### Exercise directions
Below are records; write all of them out exactly.

[[ Data for processing, beginning ]]

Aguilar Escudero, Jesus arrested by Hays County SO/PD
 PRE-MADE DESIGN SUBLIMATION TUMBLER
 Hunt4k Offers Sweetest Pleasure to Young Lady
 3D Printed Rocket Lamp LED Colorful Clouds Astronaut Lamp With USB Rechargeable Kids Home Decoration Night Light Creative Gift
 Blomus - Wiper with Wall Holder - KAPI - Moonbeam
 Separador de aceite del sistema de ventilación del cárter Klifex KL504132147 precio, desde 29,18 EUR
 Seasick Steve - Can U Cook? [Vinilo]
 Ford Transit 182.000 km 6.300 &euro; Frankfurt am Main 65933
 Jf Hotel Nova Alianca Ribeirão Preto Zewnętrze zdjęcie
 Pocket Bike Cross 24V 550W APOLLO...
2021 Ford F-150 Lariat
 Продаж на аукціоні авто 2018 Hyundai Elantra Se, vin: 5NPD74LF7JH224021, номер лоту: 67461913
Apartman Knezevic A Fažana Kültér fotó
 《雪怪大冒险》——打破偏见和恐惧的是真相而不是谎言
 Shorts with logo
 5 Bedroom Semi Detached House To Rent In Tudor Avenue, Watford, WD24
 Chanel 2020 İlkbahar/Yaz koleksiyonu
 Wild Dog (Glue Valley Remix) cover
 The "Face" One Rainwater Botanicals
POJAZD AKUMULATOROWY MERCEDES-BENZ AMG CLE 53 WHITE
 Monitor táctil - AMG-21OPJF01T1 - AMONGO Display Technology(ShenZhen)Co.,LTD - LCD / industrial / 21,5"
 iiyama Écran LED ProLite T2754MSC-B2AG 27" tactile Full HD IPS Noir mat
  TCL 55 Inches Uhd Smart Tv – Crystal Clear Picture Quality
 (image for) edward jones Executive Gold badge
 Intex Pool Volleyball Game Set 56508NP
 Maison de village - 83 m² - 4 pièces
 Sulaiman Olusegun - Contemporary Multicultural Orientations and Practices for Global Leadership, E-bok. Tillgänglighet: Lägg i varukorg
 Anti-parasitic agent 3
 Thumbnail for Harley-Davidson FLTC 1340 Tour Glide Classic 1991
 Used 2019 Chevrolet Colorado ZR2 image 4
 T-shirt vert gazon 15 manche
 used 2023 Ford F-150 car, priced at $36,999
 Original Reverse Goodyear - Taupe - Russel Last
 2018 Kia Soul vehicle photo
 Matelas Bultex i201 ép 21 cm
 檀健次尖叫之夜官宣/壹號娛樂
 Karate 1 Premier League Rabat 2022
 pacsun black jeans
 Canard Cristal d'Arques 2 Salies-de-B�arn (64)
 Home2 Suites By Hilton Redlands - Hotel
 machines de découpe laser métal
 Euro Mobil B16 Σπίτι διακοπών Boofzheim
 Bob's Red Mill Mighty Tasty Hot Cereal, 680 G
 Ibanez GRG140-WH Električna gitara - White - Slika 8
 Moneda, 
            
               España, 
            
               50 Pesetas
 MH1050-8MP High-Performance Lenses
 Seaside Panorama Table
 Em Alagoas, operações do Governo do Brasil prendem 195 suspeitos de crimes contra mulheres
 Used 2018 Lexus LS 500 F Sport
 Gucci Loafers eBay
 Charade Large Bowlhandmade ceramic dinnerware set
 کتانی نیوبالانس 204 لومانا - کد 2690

[[ Data for processing, end ]]

### Solution for this problem
Aguilar Escudero, Jesus arrested by Hays County SO/PD
 PRE-MADE DESIGN SUBLIMATION TUMBLER
 Hunt4k Offers Sweetest Pleasure to Young Lady
 3D Printed Rocket Lamp LED Colorful Clouds Astronaut Lamp With USB Rechargeable Kids Home Decoration Night Light Creative Gift
 Blomus - Wiper with Wall Holder - KAPI - Moonbeam
 Separador de aceite del sistema de ventilación del cárter Klifex KL504132147 precio, desde 29,18 EUR
 Seasick Steve - Can U Cook? [Vinilo]
 Ford Transit 182.000 km 6.300 &euro; Frankfurt am Main 65933
 Jf Hotel Nova Alianca Ribeirão Preto Zewnętrze zdjęcie
 Pocket Bike Cross 24V 550W APOLLO...
2021 Ford F-150 Lariat
 Продаж на аукціоні авто 2018 Hyundai Elantra Se, vin: 5NPD74LF7JH224021, номер лоту: 67461913
Apartman Knezevic A Fažana Kültér fotó
 《雪怪大冒险》——打破偏见和恐惧的是真相而不是谎言
 Shorts with logo
 5 Bedroom Semi Detached House To Rent In Tudor Avenue, Watford, WD24
 Chanel 2020 İlkbahar/Yaz koleksiyonu
 Wild Dog (Glue Valley Remix) cover
 The "Face" One Rainwater Botanicals
POJAZD AKUMULATOROWY MERCEDES-BENZ AMG CLE 53 WHITE
 Monitor táctil - AMG-21OPJF01T1 - AMONGO Display Technology(ShenZhen)Co.,LTD - LCD / industrial / 21,5"
 iiyama Écran LED ProLite T2754MSC-B2AG 27" tactile Full HD IPS Noir mat
  TCL 55 Inches Uhd Smart Tv – Crystal Clear Picture Quality
 (image for) edward jones Executive Gold badge
 Intex Pool Volleyball Game Set 56508NP
 Maison de village - 83 m² - 4 pièces
 Sulaiman Olusegun - Contemporary Multicultural Orientations and Practices for Global Leadership, E-bok. Tillgänglighet: Lägg i varukorg
 Anti-parasitic agent 3
 Thumbnail for Harley-Davidson FLTC 1340 Tour Glide Classic 1991
 Used 2019 Chevrolet Colorado ZR2 image 4
 T-shirt vert gazon 15 manche
 used 2023 Ford F-150 car, priced at $36,999
 Original Reverse Goodyear - Taupe - Russel Last
 2018 Kia Soul vehicle photo
 Matelas Bultex i201 ép 21 cm
 檀健次尖叫之夜官宣/壹號娛樂
 Karate 1 Premier League Rabat 2022
 pacsun black jeans
 Canard Cristal d'Arques 2 Salies-de-B�arn (64)
 Home2 Suites By Hilton Redlands - Hotel
 machines de découpe laser métal
 Euro Mobil B16 Σπίτι διακοπών Boofzheim
 Bob's Red Mill Mighty Tasty Hot Cereal, 680 G
 Ibanez GRG140-WH Električna gitara - White - Slika 8
 Moneda, 
            
               España, 
            
               50 Pesetas
 MH1050-8MP High-Performance Lenses
 Seaside Panorama Table
 Em Alagoas, operações do Governo do Brasil prendem 195 suspeitos de crimes contra mulheres
 Used 2018 Lexus LS 500 F Sport
 Gucci Loafers eBay
 Charade Large Bowlhandmade ceramic dinnerware set
 کتانی نیوبالانس 204 لومانا - کد 2690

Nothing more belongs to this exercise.